Nast 1 may also be shedding the material intermittently. Previous studies using infrared light have shown evidence for a compact pocket of dust extremely near to the central stars.

Recent observation by Mauerhan and team, using the Magellan telescope at the Chilean Las Campanas Observatory, have resolved a larger pocket of cooler dust that may be indirectly scattering the light from the central stars.

The presence of warm dust suggest that it formed very recently, maybe in spurts, as chemically-enriched material from the two stellar winds collides at different points, mixes, flows away, and cools down.

Intermittent changes in wind speed, or the rate the companion strips the main star’s hydrogen envelope, could also explain the chunky structure and gaps observed farther out in the disk.

The team used NASA’s Chandra X-ray Observatory to measure the hypersonic winds from each star. The observations revealed scorching-hot plasma, suggesting that the winds from both stars are colliding, creating high-energy shocks that glow in X-rays.
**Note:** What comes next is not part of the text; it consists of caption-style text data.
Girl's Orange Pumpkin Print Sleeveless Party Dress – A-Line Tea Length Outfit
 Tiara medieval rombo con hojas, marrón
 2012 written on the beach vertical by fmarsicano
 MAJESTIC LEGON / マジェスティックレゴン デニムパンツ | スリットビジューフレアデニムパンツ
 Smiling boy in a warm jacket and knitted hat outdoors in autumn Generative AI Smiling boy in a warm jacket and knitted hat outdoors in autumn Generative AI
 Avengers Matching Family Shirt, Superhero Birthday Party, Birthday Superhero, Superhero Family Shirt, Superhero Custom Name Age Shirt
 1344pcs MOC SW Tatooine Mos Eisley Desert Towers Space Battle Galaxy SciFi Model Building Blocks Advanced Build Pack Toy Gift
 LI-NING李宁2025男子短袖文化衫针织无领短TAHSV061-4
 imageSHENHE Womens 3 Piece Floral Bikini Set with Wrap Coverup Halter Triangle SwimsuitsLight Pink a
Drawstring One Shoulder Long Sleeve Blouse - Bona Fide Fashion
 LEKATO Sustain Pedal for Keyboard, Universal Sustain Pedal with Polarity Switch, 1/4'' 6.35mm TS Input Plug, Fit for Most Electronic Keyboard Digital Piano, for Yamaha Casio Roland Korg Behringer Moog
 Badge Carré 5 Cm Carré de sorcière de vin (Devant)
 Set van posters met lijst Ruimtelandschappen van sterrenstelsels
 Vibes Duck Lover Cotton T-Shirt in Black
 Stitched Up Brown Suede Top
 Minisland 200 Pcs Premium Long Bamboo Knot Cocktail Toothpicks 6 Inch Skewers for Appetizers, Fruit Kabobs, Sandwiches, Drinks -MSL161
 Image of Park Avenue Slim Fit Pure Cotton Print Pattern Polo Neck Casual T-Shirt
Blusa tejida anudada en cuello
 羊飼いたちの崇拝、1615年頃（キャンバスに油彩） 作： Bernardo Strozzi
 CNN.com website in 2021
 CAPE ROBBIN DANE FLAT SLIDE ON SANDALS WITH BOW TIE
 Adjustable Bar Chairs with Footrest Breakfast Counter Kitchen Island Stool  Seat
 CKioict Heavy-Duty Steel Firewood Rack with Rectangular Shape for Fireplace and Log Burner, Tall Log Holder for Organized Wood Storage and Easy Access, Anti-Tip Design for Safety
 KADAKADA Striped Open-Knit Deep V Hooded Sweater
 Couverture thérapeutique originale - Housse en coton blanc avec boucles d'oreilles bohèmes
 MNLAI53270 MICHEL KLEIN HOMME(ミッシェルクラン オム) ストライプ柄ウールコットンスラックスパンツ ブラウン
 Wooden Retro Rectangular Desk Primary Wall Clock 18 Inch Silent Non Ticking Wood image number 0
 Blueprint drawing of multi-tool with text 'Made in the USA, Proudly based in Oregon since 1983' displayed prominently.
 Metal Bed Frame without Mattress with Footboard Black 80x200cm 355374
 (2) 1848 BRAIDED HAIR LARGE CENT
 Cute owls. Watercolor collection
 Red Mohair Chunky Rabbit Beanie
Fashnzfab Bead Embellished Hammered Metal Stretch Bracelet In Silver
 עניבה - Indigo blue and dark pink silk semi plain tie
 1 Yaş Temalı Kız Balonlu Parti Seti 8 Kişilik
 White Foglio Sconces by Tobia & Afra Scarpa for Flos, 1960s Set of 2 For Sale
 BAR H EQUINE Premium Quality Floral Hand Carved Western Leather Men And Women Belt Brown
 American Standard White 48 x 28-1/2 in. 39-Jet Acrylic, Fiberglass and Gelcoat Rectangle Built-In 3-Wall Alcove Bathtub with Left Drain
These results tally with what scientists have observed from other WR systems.

The chaotic mass-transfer activity will cease when the WR star runs out of material. The gas in the disk will eventually dissipate, making it easier to observe the binary system.

Mauerhan said:

“What evolutionary path the star will take is uncertain, but it will definitely not be boring. Nasty 1 could evolve into another Eta Carinae-type system.”

“To make that transformation, the mass-gaining companion star could experience a giant eruption because of some instability related to the acquiring of matter from the newly formed Wolf-Rayet. Or, the Wolf-Rayet could explode as a supernova.”

“A stellar merger is another potential outcome, depending on the orbital evolution of the system. The future could be full of all kinds of exotic possibilities depending on whether it blows up or how long the mass transfer occurs, and how long it lives after the mass transfer ceases.”

Citation: “Multiwavelength observations of NaSt1 (WR 122): equatorial mass loss and X-rays from an interacting Wolf–Rayet binary,” Jon Mauerhan, Nathan Smith, Schuyler D. Van Dyk, Katie M. Morzinski, Laird M. Close, Philip M. Hinz, Jared R. Males, and Timothy J. Rodigas. Monthly Notices of the Royal Astronomical Society. Published 20 May, 2015. DOI: 10.1093/mnras/stv257.